• **Data below**
--- START ---
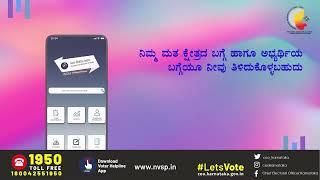 VOTER HELPLINE APP | ONE STOP SOLUTION  | KARNATAKA ASSEMBLY ELECTIONS 2023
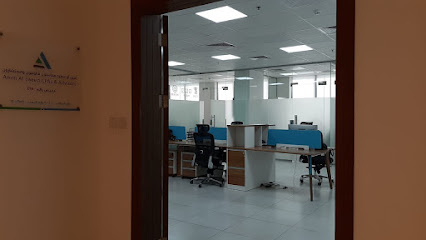 أمين آل سعيد محاسبون قانونيون ومستشارون - Jeddah - +966 55 500 6044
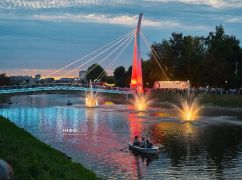 Похмуро, але без дощу: прогноз погоди в Харкові на 28 серпня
--- END ---
Give the data above again exactly. Leave the pictures out.

• **Solution to the exercise**
 VOTER HELPLINE APP | ONE STOP SOLUTION  | KARNATAKA ASSEMBLY ELECTIONS 2023
 أمين آل سعيد محاسبون قانونيون ومستشارون - Jeddah - +966 55 500 6044
 Похмуро, але без дощу: прогноз погоди в Харкові на 28 серпня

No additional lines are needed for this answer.